The Government has failed to do enough to tackle the rocketing homelessness that has been partly fuelled by its own welfare reforms, according to a damning assessment by the public spending watchdog.
Over the last six years there has been a 60% rise in households in temporary accommodation, which includes 120,540 children, the National Audit Office (NAO) found.
A snapshot overnight count last autumn recorded 4,134 rough sleepers, a 134% hike since the Conservatives took power.
The ending of private-sector tenancies has now become the main cause of homelessness in England rather than changes in personal circumstances such as relationship breakdowns, with a threefold increase in numbers since 2010/11, the NAO found.
Rents have gone up at the same time as household incomes from benefits have been cut, it said.
Local housing allowance reforms are “likely to have contributed” to making tenancies for claimants less affordable and “are an element of the increase in homelessness”, according to the report.
All forms of homelessness have increased “significantly” and are costing more than £1 billion a year to deal with.

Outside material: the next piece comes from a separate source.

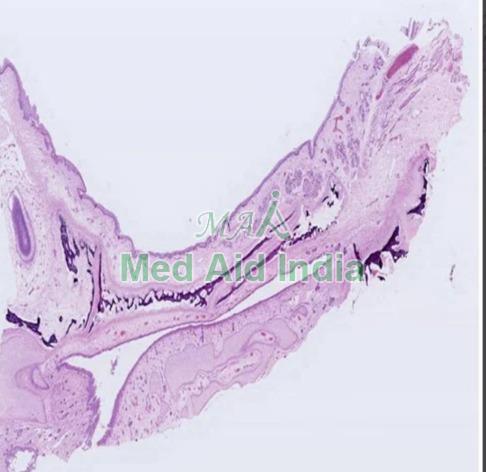 Oral Histology Hard Palate Fetal, for Clinical, Laboratory, Feature : Eco Friendly, Superior Quality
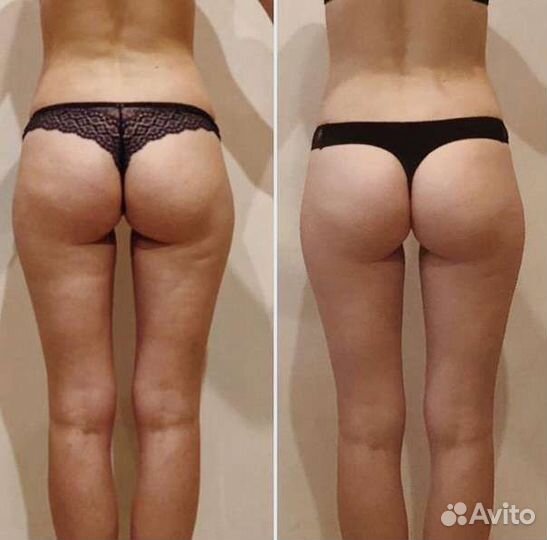 Аппаратный массаж тела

However, the Department for Communities and Local Government has continued with a “light touch” approach despite the clearly growing problem and its recent performance cannot be considered value for money, the NAO said.
Auditor General Sir Amyas Morse said: “Homelessness in all its forms has significantly increased in recent years, driven by several factors.
“Despite this, government has not evaluated the impact of its reforms on this issue and there remain gaps in its approach.
“It is difficult to understand why the department persisted with its light touch approach in the face of such a visibly growing problem.
“Its recent performance in reducing homelessness, therefore, cannot be considered value for money.”
Labour’s Meg Hillier, who chairs the Public Accounts Committee, said: “It is a national scandal that more and more people are made homeless every year.”
A Government spokesman said: “Tackling homelessness is a complex issue with no single solution but this Government is determined to help the most vulnerable in society.
“We’re investing £550 million to 2020 to address the issue and implementing the most ambitious legislative reform in decades, the Homelessness Reduction Act.
“This Act means more people get the help they need earlier to prevent them from becoming homeless in the first place.”
Local Government Association housing spokesman Martin Tett said: “Councils are working hard to tackle homelessness and are focusing on preventing it happening.
“We now need the Government to support this local effort by allowing councils to invest in building genuinely affordable homes and providing the support and resources they need to help prevent people becoming homeless in the first place.”
Polly Neate, chief executive of homelessness charity Shelter, said: “The NAO has found what Shelter sees every day – that for many families our housing market is a daily nightmare of rising costs and falling benefits which is leading to nothing less than a national crisis.”